Perception planning for the modelling of real world scenes

 

When reconstructing 3D environments, i.e. rooms or objects, from range images and photographs it is in general impossible to acquire the entire information within one view. Consequently, one has to address the problem of ``where to look next'', which is of particular importance in automatic reconstruction. Previously, this problem had mainly addressed the reconstruction of small objects with a very limited number of possible parameter sets for the next view, thus the approaches cannot easily be extended to large and complex environments. When reasoning where to observe next during the reconstruction of built environments, two main prerequisites have to be fulfilled: 1) the already reconstructed part of the scene has to be efficiently represented and 2) different types of sensors have to be integrated.

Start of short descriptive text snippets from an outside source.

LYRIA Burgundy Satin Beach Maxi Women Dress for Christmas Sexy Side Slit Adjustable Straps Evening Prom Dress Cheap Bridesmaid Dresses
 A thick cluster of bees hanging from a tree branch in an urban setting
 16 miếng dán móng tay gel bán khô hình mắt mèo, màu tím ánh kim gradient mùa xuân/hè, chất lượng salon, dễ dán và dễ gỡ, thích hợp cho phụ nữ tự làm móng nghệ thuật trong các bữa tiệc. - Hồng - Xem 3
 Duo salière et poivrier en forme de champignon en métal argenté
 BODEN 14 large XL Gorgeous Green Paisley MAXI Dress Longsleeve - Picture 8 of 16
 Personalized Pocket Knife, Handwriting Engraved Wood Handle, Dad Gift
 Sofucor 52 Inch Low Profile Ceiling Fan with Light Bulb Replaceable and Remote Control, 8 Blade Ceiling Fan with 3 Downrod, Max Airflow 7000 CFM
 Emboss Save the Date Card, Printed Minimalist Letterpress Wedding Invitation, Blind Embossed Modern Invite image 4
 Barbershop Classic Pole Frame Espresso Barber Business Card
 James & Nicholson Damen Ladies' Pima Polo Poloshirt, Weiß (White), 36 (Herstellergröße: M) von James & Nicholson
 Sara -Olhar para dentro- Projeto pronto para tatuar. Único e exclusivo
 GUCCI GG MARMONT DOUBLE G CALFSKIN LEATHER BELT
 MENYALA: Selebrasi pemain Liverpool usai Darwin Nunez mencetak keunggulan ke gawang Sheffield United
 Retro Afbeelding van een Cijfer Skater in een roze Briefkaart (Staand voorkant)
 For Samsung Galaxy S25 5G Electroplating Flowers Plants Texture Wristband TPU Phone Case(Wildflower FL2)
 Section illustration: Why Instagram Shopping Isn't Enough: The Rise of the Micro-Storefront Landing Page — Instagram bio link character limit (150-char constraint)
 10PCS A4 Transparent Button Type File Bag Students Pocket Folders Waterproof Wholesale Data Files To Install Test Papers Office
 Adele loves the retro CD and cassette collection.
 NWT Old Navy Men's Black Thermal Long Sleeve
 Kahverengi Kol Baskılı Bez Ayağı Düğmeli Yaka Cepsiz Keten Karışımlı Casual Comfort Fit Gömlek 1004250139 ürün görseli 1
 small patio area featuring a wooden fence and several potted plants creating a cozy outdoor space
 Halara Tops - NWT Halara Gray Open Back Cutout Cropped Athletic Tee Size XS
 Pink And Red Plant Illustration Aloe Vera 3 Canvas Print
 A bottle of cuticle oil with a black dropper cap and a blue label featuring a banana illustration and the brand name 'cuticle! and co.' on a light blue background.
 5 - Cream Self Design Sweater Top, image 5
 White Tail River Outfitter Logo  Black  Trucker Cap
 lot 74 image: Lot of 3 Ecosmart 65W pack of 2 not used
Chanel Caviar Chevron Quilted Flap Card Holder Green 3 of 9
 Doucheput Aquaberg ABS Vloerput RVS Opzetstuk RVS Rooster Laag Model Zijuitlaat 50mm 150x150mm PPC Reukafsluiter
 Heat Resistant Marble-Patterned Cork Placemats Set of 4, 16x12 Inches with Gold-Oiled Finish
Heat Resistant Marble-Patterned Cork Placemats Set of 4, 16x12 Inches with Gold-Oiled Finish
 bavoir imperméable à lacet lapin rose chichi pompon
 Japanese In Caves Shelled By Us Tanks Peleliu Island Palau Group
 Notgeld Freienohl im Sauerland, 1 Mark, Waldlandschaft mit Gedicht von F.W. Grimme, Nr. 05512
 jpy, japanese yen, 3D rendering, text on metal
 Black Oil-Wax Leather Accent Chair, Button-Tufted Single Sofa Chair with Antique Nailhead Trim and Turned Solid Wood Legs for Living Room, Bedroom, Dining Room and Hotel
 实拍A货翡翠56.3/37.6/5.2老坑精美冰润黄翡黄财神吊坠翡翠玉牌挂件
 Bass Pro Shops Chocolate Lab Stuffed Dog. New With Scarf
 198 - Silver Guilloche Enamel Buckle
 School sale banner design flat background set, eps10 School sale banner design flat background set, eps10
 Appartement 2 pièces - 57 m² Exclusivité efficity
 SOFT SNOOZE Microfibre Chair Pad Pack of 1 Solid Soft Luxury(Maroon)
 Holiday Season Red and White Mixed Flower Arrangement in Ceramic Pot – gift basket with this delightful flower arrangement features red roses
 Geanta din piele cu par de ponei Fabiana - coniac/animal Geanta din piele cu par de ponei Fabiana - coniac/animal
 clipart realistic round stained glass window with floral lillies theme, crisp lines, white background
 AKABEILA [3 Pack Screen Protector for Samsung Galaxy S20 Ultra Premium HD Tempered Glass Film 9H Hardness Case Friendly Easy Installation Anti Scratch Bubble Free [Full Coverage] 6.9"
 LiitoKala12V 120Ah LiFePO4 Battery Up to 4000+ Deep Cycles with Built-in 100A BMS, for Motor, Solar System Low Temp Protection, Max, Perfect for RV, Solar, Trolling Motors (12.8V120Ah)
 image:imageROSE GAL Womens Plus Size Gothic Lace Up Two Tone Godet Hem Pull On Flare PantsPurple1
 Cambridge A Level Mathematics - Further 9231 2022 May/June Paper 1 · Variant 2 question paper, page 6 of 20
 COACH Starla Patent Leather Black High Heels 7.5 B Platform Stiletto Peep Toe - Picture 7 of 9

UOE and the JRC are developing techniques that reason about where to observe next and how to allocate resources in order to minimize the operational costs of the reconstruction. JRC's technique is occlusion driven and selects the ``next best view'' by choosing a location that satisfies ``hard constraints'' ( e.g. collision avoidance, visibility of occlusions) and optimizes a purposely defined criterion, thereby taking the quality of the model into account. UOE's technique is based on direct optimization of quality of surface and reduction of unseen surface area.

At the left is an example of JRC's results showing the estimated best next capture position on the Bornholm church data, and the right shows some results from UOE's algorithm, showing convergence of scanned area as a function of view number (on a different scene).

Preliminary experiments using the two algorithms have been done and published, and JRC and UOE are now collaborating on a comparison of the algorithms.

J. M. Sanchiz, R. B. Fisher ``A next-best-view algorithm for 3D scene recovery with 5 degrees of freedom'', Proc. British Machine Vision Conference BMVC99, Nottingham, pp 163--172, September 1999.